_WHAT THE TASK REQUIRES_
Output, exactly and with no pictures, the line that contains "9624 Crescent View" and every line that comes after it in the data below, the last one included.

_GIVEN ENTRIES_
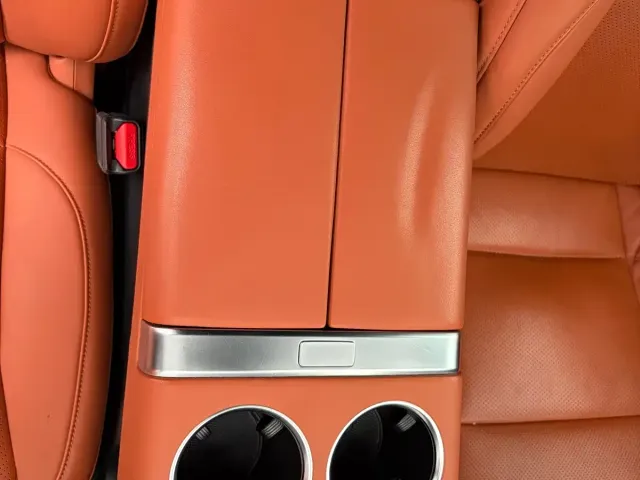 Li Auto L8 — Фото автомобиля 12
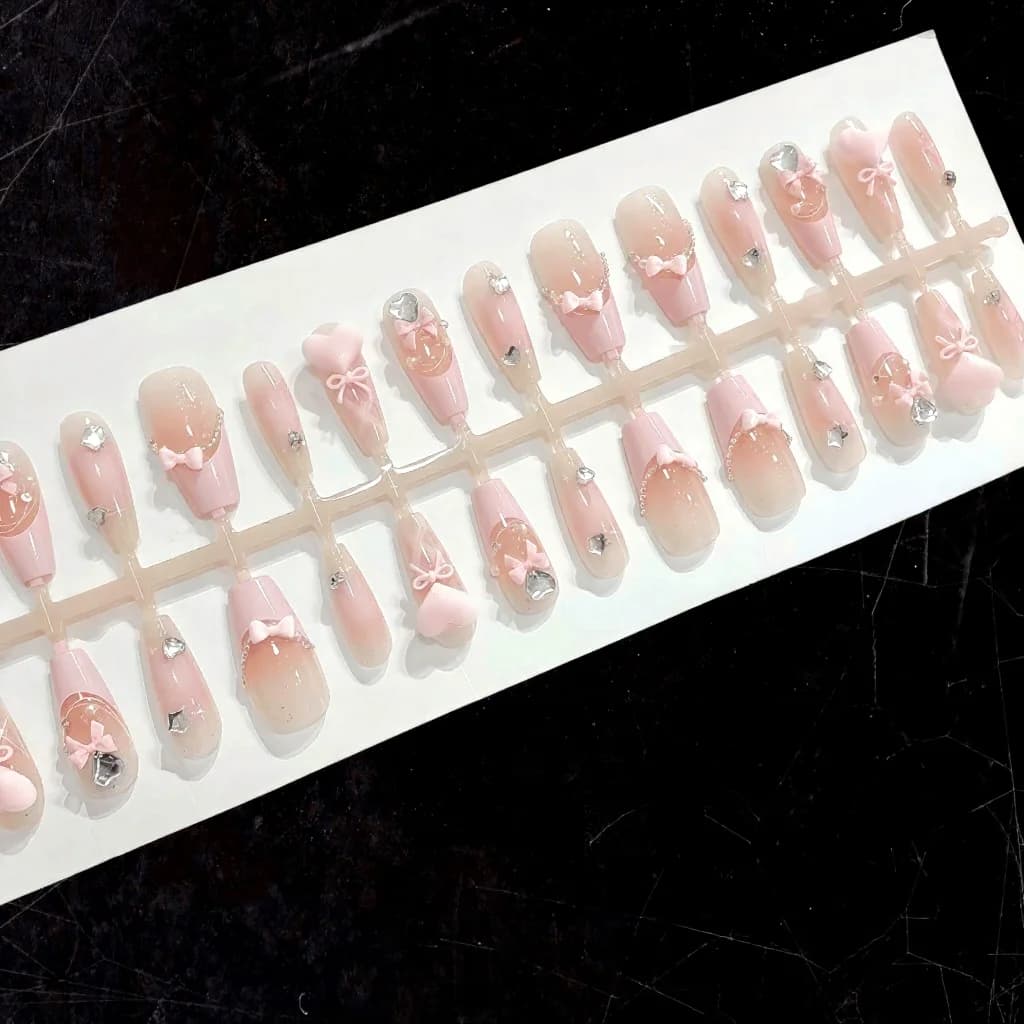 Uñas Postizas Punta Francesa Diseño Corazón y Lazo 30 Piezas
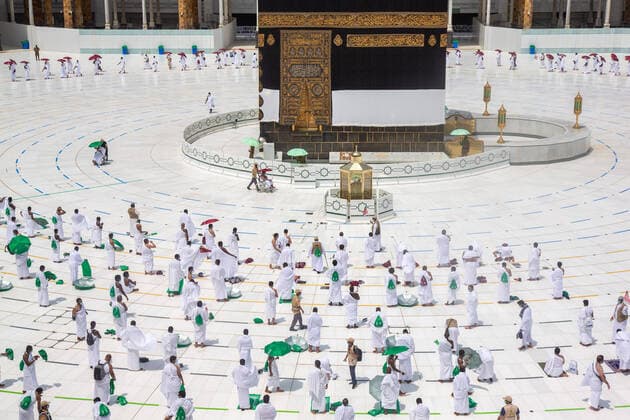 Bilder des Jahres 2020, News 07 Juli News Themen der Woche KW31 News Bilder des Tages (200729) -- MECCA, July 29, 2020 (Xinhua) -- Pilgrims circumambulate the sacred site Kaaba in the Grand Mosque in Mecca, Saudi Arabia on July 29, 2020. Muslim pilgrims on Wednesday embarked on the first day of their Hajj rituals in the holy city of Mecca, Saudi Arabia, according to a statement by Saudi ministry of media. The pilgrims started the major Islamic pilgrimage after finishing four days of hotel isolation in Mecca and prior to that a week-long quarantine at home, as part of the preventative measures to guard against COVID-19. (Saudi Arabia s Ministry of Media Handout via Xinhua) SAUDI ARABIA-MECCA-HAJJ 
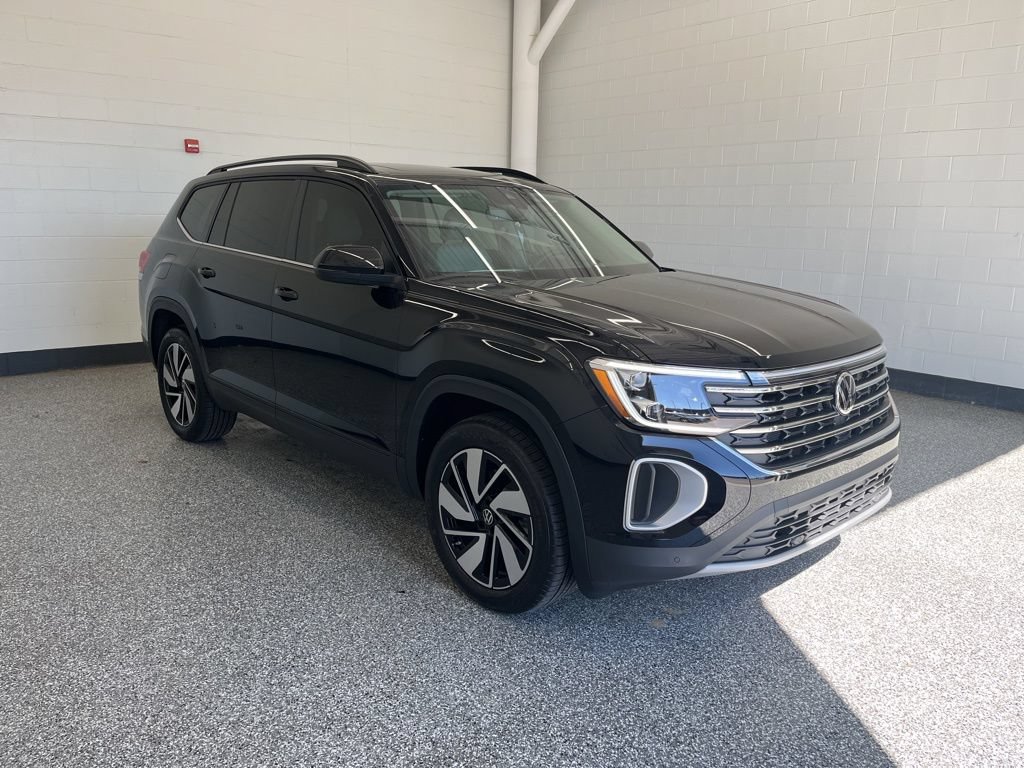 New 2026 Volkswagen Atlas SE FWD image 8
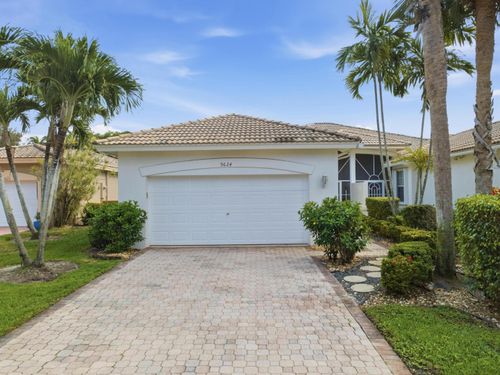 9624 Crescent View Dr N, Boynton Beach, FL, 33437-5928 | Card Image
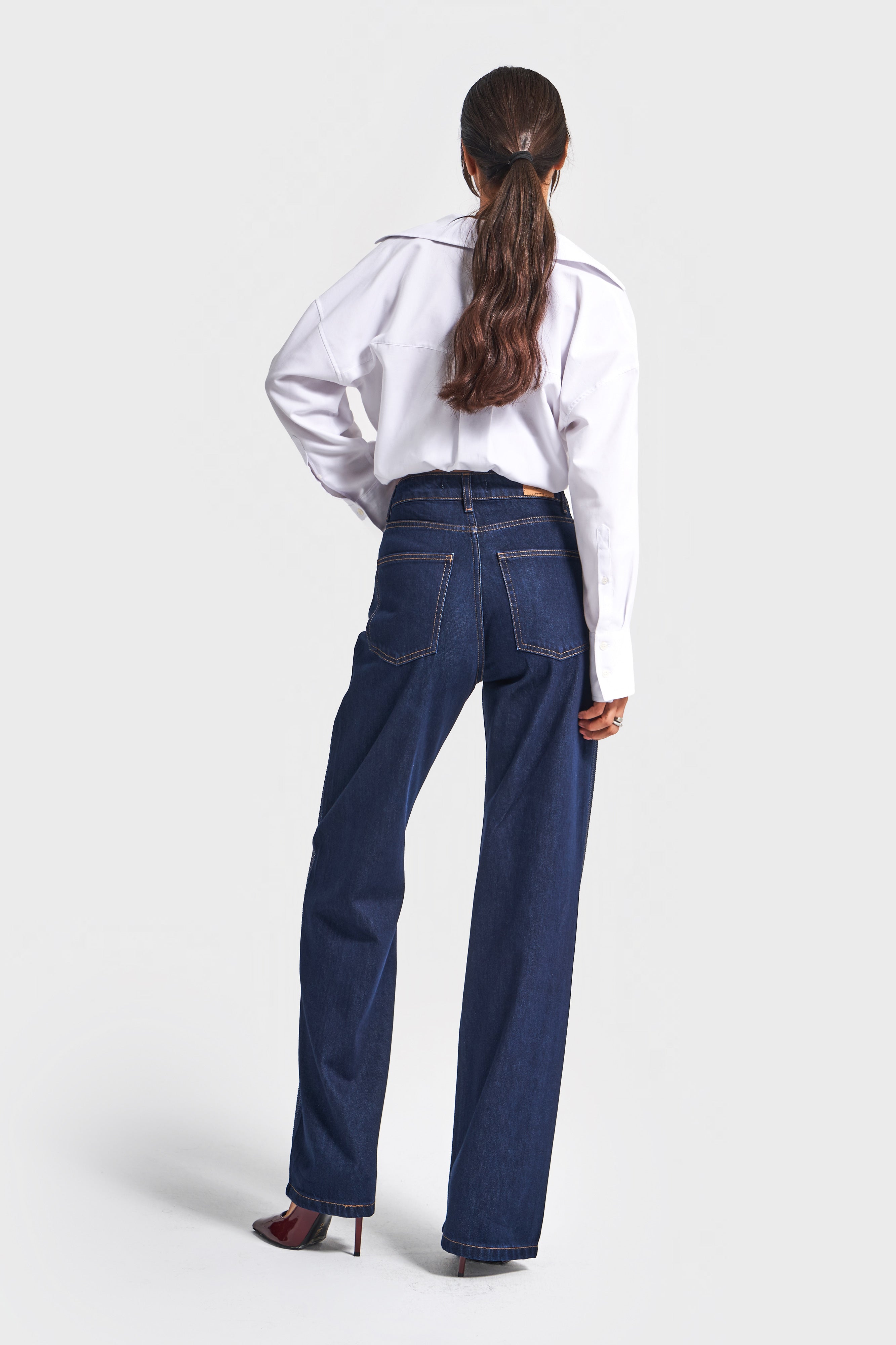 Kadın Koyu Mavi Renk T-7w5-50 Straight Fit Yüksek Bel Viskon Koton Kumaş Parlak Taşlı Tasarım Denim Jean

_SOLVED PROBLEM_
 9624 Crescent View Dr N, Boynton Beach, FL, 33437-5928 | Card Image
 Kadın Koyu Mavi Renk T-7w5-50 Straight Fit Yüksek Bel Viskon Koton Kumaş Parlak Taşlı Tasarım Denim Jean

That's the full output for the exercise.